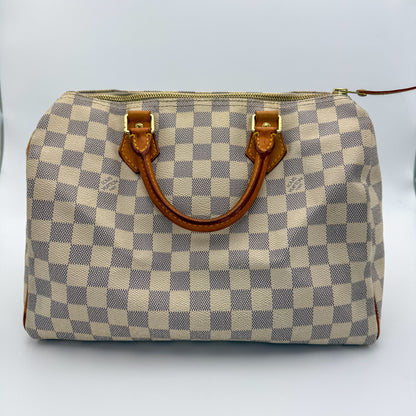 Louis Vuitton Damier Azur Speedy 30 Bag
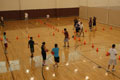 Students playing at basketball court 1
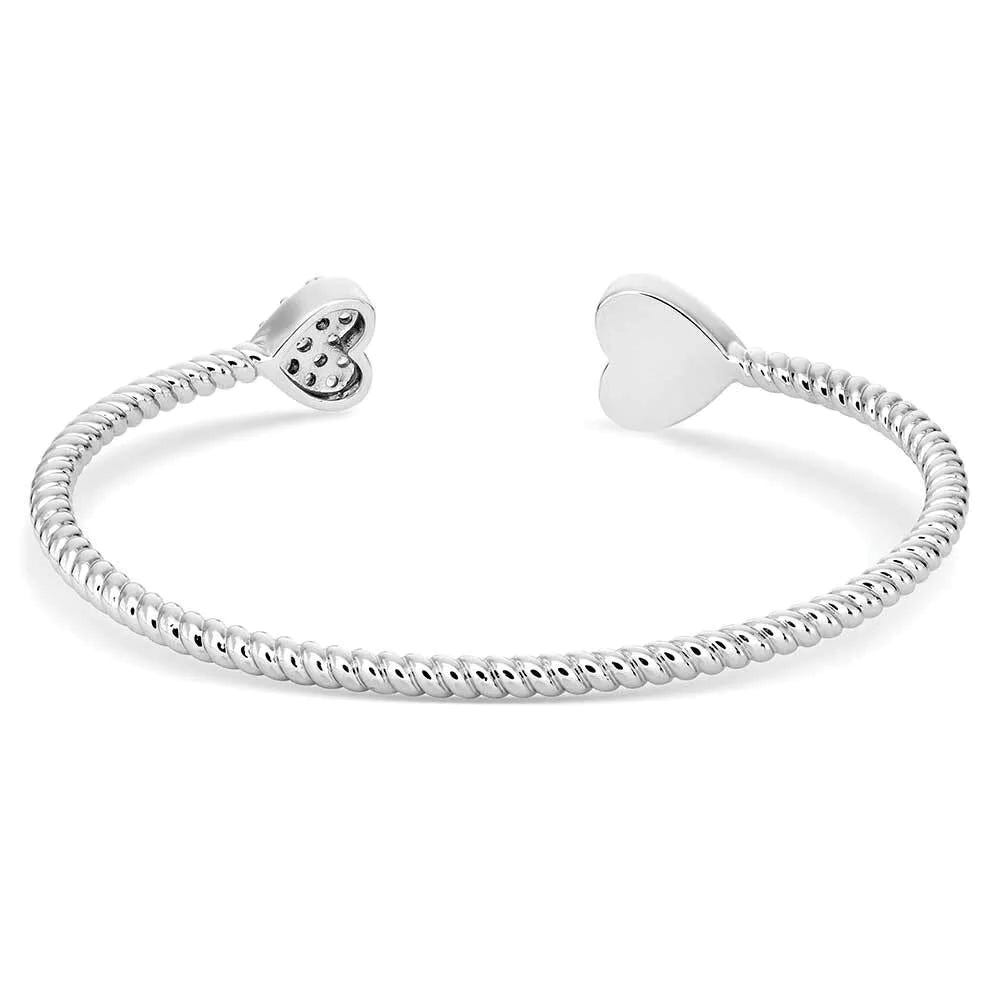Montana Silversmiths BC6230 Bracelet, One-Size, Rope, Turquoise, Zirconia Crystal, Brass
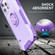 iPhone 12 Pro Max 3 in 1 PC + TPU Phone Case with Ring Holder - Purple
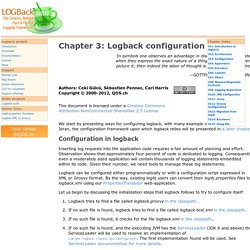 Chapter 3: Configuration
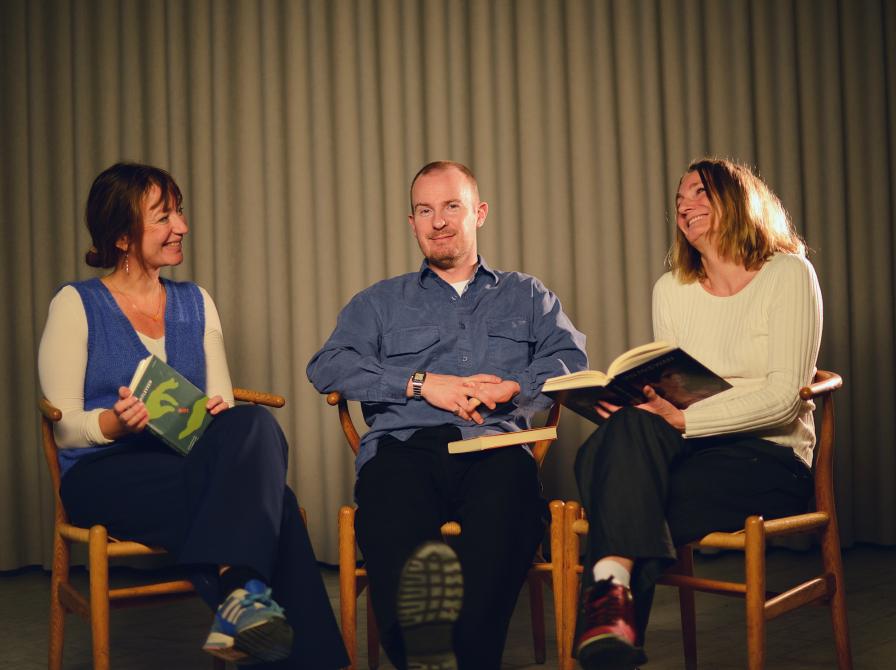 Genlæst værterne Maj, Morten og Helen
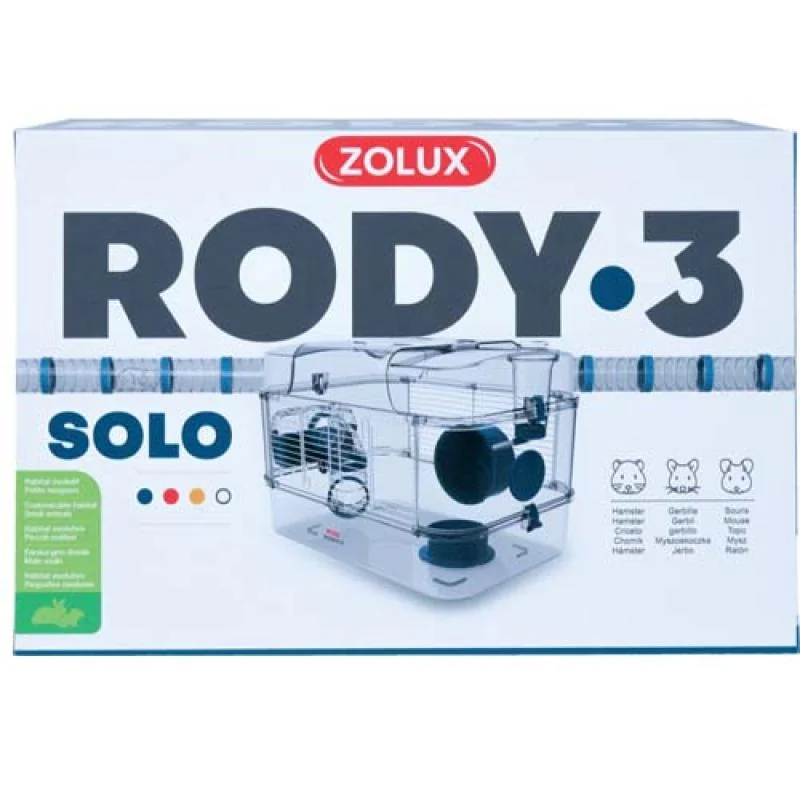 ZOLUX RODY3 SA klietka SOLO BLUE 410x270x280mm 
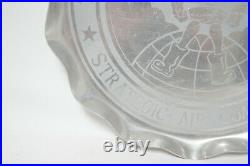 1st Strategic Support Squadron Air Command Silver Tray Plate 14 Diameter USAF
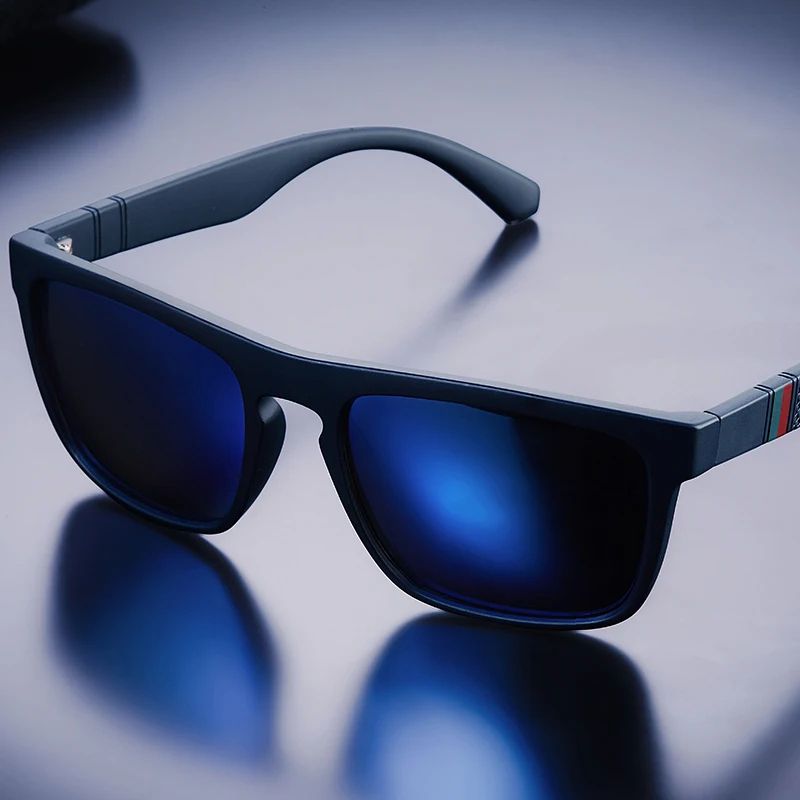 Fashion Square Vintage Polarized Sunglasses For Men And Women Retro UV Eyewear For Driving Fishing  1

------------------------------------------------------------------------

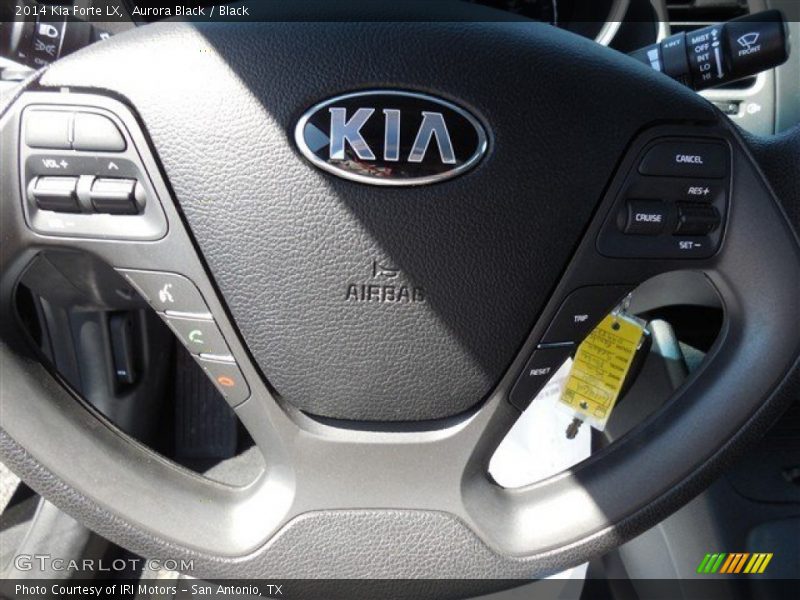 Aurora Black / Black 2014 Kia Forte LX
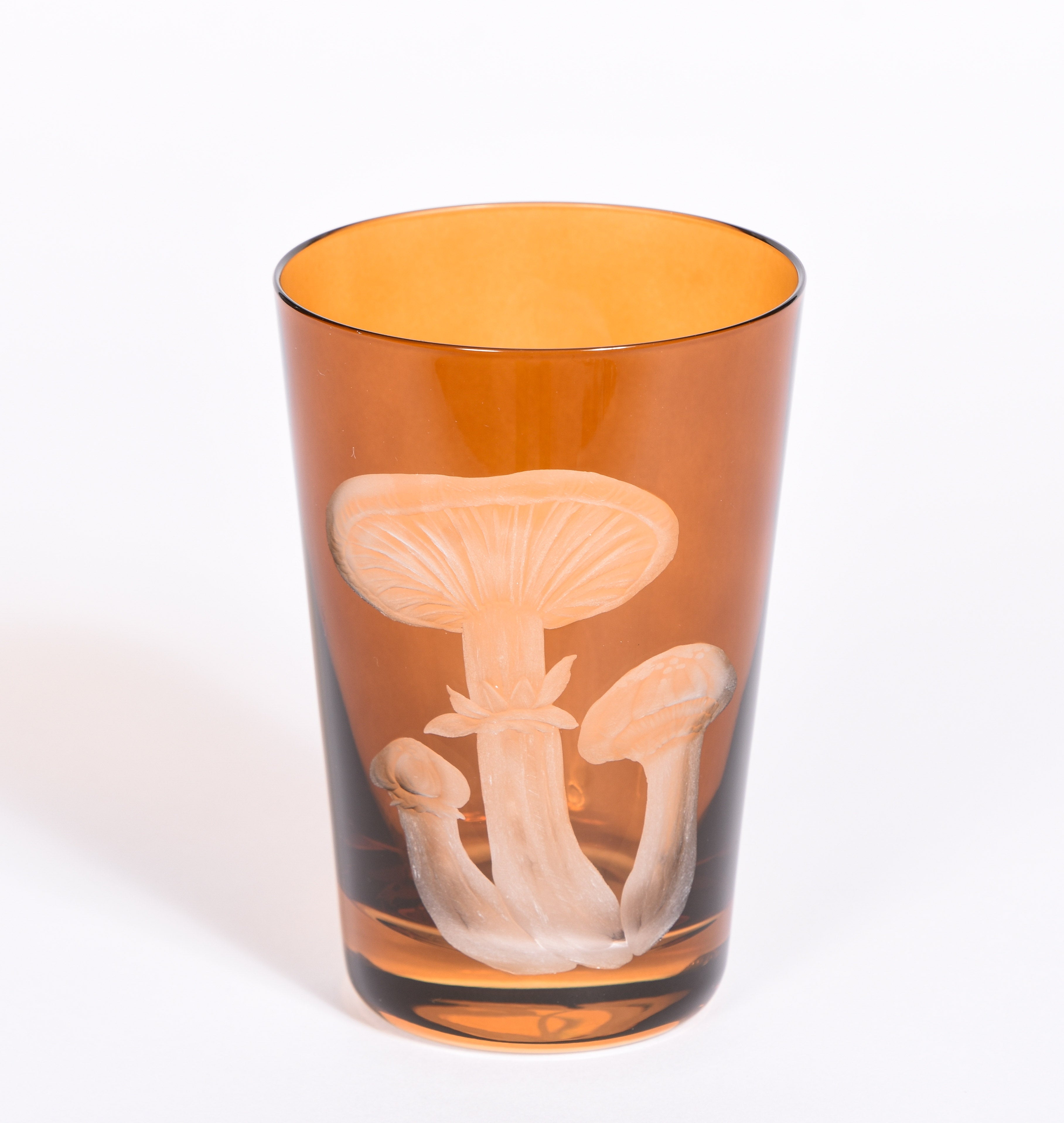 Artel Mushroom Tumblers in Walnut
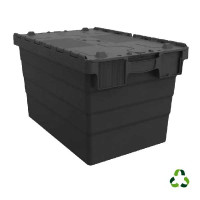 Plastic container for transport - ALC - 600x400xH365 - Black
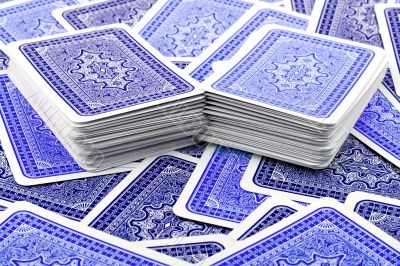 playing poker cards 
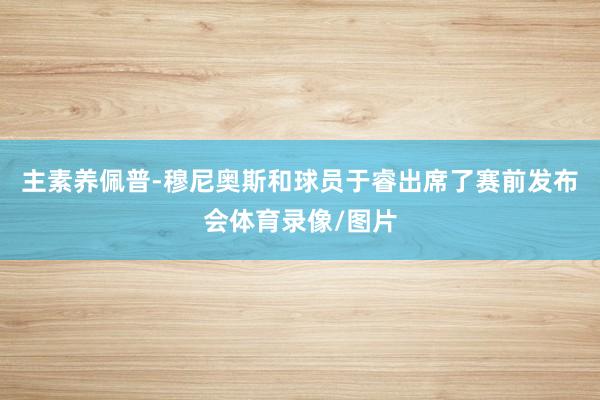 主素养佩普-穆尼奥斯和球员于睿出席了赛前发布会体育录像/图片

------------------------------------------------------------------------

In the listing above, find the line with "Louis Vuitton Damier Azur Speedy 30 Bag" and output every line through the one with "Fashion Square Vintage", exactly, without the pictures.

 Louis Vuitton Damier Azur Speedy 30 Bag
 Students playing at basketball court 1
Montana Silversmiths BC6230 Bracelet, One-Size, Rope, Turquoise, Zirconia Crystal, Brass
 iPhone 12 Pro Max 3 in 1 PC + TPU Phone Case with Ring Holder - Purple
 Chapter 3: Configuration
 Genlæst værterne Maj, Morten og Helen
 ZOLUX RODY3 SA klietka SOLO BLUE 410x270x280mm 
 1st Strategic Support Squadron Air Command Silver Tray Plate 14 Diameter USAF
 Fashion Square Vintage Polarized Sunglasses For Men And Women Retro UV Eyewear For Driving Fishing  1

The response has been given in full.